MS: Of course, there's a number of murals lined up for South Broadway: BK Foxx, Damien Mitchell, Eelco, and a few new additions. Chris St. Lawrence, Director of Waterfront Development, is such an important figure when it comes to facilitating the presence of the street art and the arts weekend at large. The arts weekend was his initiative, and he's been the main contact I work with city-side. I can't give him a big enough shout-out!
At Urban Studio Unbound, we have an exhibit titled "Aesthetic Dialogue" that will be on view for YAW thru June 15th.
We also have a developing public art program -- this includes installing 2 large-scale, powder-coated aluminum sculptures in Van der Donck Park by artist Richard Pitts. Artist Lina Montoya will be doing a site-specific mural on a chain-link fence using plastics.
JP: The Urban Studio Unbound website indicates that many of its artists and employees are from the Bronx, Brooklyn, Queens, Manhattan ... What was particularly attractive to US+U founders about opening their gallery -- not in the 5-boros -- but in Yonkers?
MS: Yonkers is a waterfront community in close proximity to Manhattan [and] accessible to artists in a number of ways. The community also really rallies together and supports one another. In Yonkers, we were able to apply for partial funding via a Community Development Block Grant, which has been an important resource for launching the gallery and implementing creative programming.

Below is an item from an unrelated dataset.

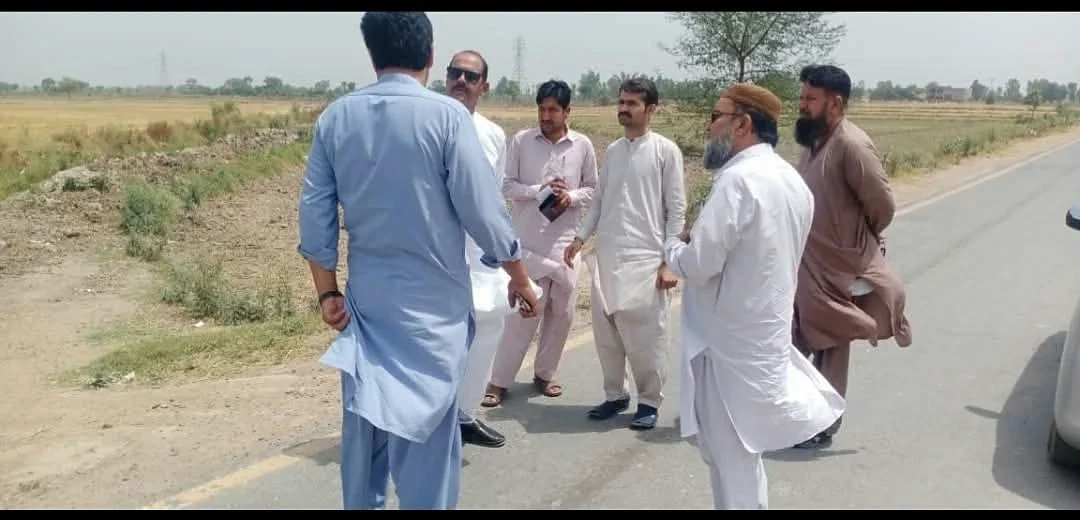 Men standing beside a rural road and fields during a discussion.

[Melissa Starke, Gallery Director: Urban Studio Unbound. Art work by Richard Pitts]
JP: Please tell Sold readers about your own journey into visual arts / arts curation:
MS: I am originally from Long Branch, NJ and attended FIT for my undergrad in Fine Arts. My own work is paintings and mixed-media collage. I recently learned how to weld, so hope to expand my practice to include more sculpture. I had a crew of friends who were also artists, and we wanted to create some opportunities for ourselves. We began doing pop-up shows, applying for public art projects, art fairs, etc. We all contributed to these activities in different ways, but I emerged as the person who took the lead in that regard and everyone was down with it and really supported it. I've been curating for probably over 10 years now, and it's something I feel is an integral part of who I am individually and in my network. I recently enrolled in M.A. classes in an Art Market program, so looks like I'm going to continue to split my time between artist and curator.
Jose A. Gonzalez

Mr. Gonzalez at YoHo Artists Studios
JP: 2018 marks the inaugural CMAD At Yonkers Arts Weekend festival! It sounds like a rad party/arts-fair hybrid held in open-air areas of YoHo Studios. Please tell SOLD readers more about the festival!
Jose A Gonzalez: The festival will be held at 540/578 Nepperhan Ave, Yonkers. As of right now, you can expect musical performances from local artists and surrounding areas. Also vendors selling handmade goods, yoga, poetry, a DJ, food trucks, workshops, live painting and an interactive mural!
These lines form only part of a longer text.